(Collection entries)
***

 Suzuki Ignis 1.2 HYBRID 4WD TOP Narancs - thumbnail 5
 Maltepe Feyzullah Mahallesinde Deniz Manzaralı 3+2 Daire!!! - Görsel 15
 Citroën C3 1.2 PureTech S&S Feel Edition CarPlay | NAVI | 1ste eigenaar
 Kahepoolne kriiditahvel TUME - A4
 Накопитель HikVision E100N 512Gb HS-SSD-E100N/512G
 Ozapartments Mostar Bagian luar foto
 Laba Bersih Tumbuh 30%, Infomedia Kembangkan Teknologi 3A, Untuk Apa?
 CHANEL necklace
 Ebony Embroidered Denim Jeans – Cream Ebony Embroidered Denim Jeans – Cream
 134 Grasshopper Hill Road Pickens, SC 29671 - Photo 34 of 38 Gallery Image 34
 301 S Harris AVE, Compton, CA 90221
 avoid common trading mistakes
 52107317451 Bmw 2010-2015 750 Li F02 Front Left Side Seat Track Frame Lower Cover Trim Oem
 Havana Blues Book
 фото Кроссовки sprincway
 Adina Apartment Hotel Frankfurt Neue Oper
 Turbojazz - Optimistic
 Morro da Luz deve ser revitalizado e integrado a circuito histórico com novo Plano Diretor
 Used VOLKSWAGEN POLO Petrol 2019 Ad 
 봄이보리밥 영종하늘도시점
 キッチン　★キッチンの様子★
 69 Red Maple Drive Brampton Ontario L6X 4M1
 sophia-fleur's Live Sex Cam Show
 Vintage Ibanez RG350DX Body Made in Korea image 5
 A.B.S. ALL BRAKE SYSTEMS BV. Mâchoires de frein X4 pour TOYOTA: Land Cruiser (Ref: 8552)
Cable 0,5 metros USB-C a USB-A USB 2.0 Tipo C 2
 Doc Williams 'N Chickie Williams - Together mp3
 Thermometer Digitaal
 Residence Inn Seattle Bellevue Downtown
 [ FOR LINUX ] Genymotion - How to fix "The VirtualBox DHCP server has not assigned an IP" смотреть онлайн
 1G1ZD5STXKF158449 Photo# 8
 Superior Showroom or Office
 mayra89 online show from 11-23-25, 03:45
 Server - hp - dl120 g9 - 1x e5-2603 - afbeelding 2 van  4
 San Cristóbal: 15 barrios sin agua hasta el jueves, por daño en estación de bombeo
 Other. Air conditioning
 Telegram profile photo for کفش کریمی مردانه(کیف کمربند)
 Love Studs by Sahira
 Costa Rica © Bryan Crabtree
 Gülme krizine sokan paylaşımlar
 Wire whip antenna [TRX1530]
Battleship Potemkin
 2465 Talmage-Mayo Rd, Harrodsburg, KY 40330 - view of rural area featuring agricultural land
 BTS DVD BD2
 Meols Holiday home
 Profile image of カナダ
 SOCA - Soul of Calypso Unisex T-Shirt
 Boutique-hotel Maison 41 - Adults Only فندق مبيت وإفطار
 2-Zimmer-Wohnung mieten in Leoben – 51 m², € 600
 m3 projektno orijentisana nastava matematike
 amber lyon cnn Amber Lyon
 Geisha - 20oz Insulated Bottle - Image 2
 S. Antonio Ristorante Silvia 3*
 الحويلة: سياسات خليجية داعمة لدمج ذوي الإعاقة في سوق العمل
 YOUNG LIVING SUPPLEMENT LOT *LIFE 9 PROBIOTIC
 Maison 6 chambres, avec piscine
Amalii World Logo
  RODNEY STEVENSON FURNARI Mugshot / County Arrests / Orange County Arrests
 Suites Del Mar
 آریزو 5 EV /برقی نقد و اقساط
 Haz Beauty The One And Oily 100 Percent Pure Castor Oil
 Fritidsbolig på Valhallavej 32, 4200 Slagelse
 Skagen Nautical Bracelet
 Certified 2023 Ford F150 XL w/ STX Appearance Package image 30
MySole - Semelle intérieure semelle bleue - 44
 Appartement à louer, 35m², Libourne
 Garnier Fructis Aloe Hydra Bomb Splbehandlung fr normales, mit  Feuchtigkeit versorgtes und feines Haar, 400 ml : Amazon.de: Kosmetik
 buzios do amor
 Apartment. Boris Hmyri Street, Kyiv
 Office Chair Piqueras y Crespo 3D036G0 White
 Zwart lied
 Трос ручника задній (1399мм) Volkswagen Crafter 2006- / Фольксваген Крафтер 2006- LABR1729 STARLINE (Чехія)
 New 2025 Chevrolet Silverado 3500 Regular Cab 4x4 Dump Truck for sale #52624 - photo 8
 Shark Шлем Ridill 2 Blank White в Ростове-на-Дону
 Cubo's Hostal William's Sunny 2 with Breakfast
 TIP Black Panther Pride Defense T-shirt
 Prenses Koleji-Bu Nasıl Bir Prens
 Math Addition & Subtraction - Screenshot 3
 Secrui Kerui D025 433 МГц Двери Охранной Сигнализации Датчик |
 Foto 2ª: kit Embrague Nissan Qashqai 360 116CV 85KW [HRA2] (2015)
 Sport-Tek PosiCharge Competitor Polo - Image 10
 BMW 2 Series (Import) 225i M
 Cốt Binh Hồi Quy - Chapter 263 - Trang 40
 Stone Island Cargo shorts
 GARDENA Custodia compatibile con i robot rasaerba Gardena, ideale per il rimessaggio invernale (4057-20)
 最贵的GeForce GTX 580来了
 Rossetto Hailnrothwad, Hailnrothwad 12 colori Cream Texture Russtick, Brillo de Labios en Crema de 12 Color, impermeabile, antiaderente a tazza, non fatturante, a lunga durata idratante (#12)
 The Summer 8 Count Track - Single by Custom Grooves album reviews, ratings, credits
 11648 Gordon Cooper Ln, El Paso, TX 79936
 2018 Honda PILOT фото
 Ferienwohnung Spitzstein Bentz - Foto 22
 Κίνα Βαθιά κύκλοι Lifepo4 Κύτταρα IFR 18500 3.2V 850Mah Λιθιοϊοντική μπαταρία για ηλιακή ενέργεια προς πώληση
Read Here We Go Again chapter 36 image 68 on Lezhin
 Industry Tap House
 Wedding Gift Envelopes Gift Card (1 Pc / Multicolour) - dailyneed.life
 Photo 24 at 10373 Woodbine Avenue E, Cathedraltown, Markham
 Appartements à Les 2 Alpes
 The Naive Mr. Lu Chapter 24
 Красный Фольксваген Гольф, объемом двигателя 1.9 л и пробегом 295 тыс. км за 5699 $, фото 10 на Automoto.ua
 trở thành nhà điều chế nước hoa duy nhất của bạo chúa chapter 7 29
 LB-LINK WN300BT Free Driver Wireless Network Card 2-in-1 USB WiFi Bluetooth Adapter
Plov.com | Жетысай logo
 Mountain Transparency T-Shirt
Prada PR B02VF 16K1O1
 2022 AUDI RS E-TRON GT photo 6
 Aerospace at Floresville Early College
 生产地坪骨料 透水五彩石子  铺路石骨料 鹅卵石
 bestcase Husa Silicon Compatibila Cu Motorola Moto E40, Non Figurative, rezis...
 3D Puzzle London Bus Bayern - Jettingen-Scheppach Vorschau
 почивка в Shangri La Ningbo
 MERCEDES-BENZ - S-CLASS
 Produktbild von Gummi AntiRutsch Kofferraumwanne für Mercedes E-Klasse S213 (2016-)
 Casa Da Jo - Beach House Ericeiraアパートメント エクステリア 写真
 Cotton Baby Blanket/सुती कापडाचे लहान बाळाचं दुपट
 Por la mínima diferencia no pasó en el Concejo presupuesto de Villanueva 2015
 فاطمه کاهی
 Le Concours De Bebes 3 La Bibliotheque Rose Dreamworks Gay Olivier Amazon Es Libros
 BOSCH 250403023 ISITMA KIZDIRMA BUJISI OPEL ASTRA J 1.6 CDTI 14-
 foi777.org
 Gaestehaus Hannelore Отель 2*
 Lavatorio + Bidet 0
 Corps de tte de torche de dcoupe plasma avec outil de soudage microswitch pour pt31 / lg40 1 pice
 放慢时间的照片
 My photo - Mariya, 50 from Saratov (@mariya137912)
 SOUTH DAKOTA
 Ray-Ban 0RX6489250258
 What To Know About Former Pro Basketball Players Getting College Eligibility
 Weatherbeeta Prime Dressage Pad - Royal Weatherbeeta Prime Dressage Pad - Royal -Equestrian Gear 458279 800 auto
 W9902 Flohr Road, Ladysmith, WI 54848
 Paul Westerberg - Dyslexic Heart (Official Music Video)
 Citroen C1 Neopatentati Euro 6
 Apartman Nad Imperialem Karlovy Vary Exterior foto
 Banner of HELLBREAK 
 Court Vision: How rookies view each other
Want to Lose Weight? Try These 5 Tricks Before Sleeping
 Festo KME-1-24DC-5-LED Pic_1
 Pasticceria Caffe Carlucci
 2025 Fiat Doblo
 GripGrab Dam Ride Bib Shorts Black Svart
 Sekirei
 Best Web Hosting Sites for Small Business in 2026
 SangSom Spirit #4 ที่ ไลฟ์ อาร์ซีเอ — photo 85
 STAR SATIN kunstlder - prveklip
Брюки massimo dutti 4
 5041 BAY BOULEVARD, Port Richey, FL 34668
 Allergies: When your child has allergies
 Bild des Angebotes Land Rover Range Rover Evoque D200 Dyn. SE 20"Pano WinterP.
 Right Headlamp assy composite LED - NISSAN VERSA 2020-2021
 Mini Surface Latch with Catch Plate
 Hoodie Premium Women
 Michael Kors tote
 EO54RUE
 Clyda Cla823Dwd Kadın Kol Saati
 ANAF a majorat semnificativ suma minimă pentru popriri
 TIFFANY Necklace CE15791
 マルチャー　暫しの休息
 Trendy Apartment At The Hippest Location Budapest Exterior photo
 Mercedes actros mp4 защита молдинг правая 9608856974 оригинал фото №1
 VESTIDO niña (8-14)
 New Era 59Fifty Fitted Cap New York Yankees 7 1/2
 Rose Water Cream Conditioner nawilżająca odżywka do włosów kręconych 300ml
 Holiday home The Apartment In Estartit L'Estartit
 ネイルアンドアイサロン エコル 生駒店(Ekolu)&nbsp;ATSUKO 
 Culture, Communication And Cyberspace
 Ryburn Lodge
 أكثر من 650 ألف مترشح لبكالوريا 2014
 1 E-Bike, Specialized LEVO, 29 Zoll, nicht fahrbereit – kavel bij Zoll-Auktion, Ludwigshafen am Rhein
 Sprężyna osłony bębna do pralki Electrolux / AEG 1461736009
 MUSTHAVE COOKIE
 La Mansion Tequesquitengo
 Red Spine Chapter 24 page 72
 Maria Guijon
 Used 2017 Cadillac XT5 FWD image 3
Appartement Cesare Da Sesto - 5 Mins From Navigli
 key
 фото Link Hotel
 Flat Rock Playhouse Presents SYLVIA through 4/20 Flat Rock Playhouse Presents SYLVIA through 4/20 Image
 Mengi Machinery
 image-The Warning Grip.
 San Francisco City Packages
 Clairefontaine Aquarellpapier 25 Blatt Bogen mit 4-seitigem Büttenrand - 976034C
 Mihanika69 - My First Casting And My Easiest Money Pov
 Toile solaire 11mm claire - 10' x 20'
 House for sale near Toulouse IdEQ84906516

***

*Exercise objective*. Looking at the entries above, determine how many lines contain the word "sale" and state only that number.

*Solution for this task*. 2